Friday, October 1, 2021

The Sum of Us: What Racism Costs Everyone and How We Can Prosper Together

 I'm writing this as the Senate is considering a pair of infrastructure bills, one of which focuses on "human infrastructure" - child care, elder care, education, and health benefits. Those vital but intangible benefits have been cut underfunded at least since Ronald Reagan used the budget and tax code as a way to convince the middle and working class that "those people" are getting more than they deserve. That philosophy was supposed to bring an economic windfall that would help everyone, but instead it hollowed out the middle class while enriching the already wealthy. 

Heather McGhee argues in The Sum of Us that it's not tax cuts and lean budgets that "raise all boats" but investment in human infrastructure. The former head of Demos, she begins by covering much of the same ground as Richard Rotstein did in The Color of Law. White families have more wealth, even when you adjust for income, because of the discriminatory housing policies and practices of the mid-20th Century. She traces the resistance to social programs which help everyone to the dismantling of pools and parks when they were required to desegregate in the 1950s and 60s. The next step was to underfunding schools, particularly as cities became less white and white students moved to private schools. Along the way, blatant racism (claiming that non-whites are inherently inferior) was replaced with cultural blame ("they" don't respect education or family or hard work, or whatever excuse seems believable).

McGhee explains how some of the largest current social problems hit the African American community first. Even adjusting for income, non-white students carry considerably more debt than white students, so it became unmanageable a decade before our current crisis - and cuts to higher education and the switch from grants to loans accelerated this process. The housing crash hit everyone - but the history of redlining and the practice (which doesn't fall directly under any laws or regulations) of selling sub-prime rates to non-whites whose credit qualified them for regular loans meant those communities had less equity and a smaller margin for error. But politicians feel they have to dial back any program to ameliorate these problems because "fiscally conservative but socially liberal" constituents won't stand for them. Like my former co-worker who didn't want the state to help Philadelphia's public schools because it might cut the advantage his sons got from living in Delaware County, even if something doesn't harm them (or even helps them), too many people afraid that helping the community as a whole will end up hurting them.

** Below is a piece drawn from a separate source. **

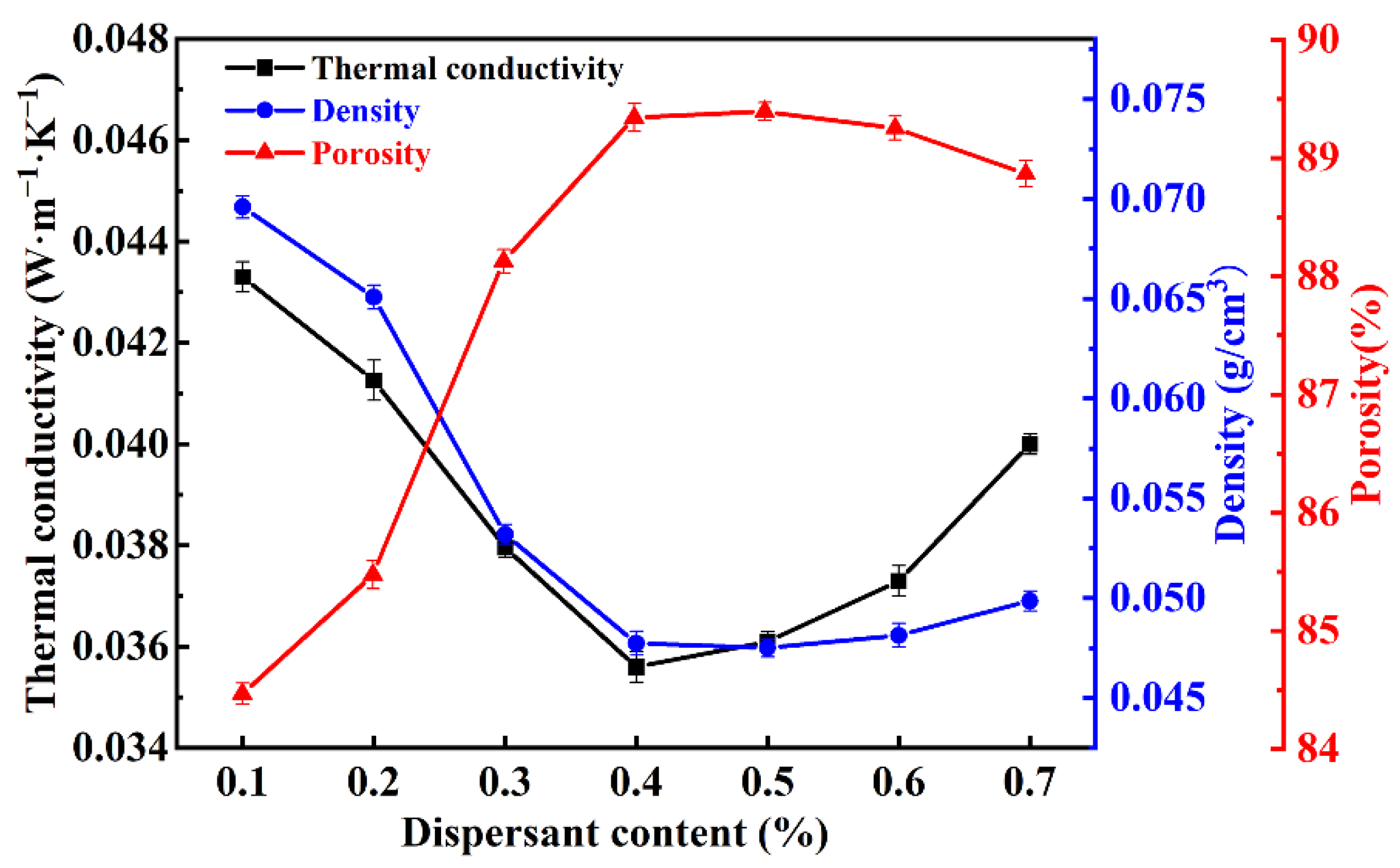 Materials 15 03069 g006 550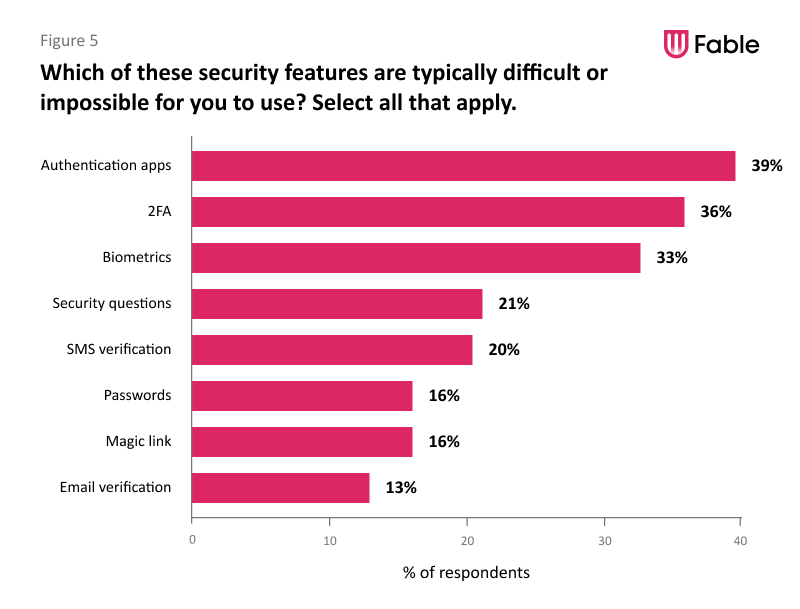 A bar chart titled "Which of these security features are typically difficult or impossible for you to use? Select all that apply." The most difficult feature, according to 39% of respondents, is "Authentication apps." This is followed by "2FA" (Two-Factor Authentication) at 36%, "Biometrics" at 33%, and "Security questions" at 21%. Other features listed include "SMS verification" (20%), "Passwords" (16%), "Magic link" (16%), and "Email verification" (13%). In the top right corner there is a Fable logo.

I know this sounds depressing, but The Sum of Us is an optimistic book. McGhee's final chapter describes a trip to Lewiston, Maine. It's the second largest city in the oldest, whitest, and one of the poorest states. Like West Virginia (where Joe Manchin is currently harming his constituents at their request) and post-COVID Alabama they record more deaths than births. Parts of Lewiston, though are thriving thanks to 20 years of immigration, mostly from Africa. McGee shows us a place where refugees have found a new life, and the old residents have benefited as well. An older woman who regretted losing her French Canadian roots reclaimed her language with Francophone African immigrants, a chance meeting between a parolee and a Muslim woman brining halal food to the prison started a friendship and brought him into social activism. The seemingly unlikely coalitions formed in Lewiston worked to expand Medicaid by ballot measure (then Governor Paul LePage rejected expansion multiple times using racial scare terms, even though the number of Mainers who live in poverty is twice the number of non-white resident), and provide hope going forward. These coalitions shouldn't be rare, because studies show that integrated groups solve problems more quickly and creatively. If we only realized that we all benefit when we work together.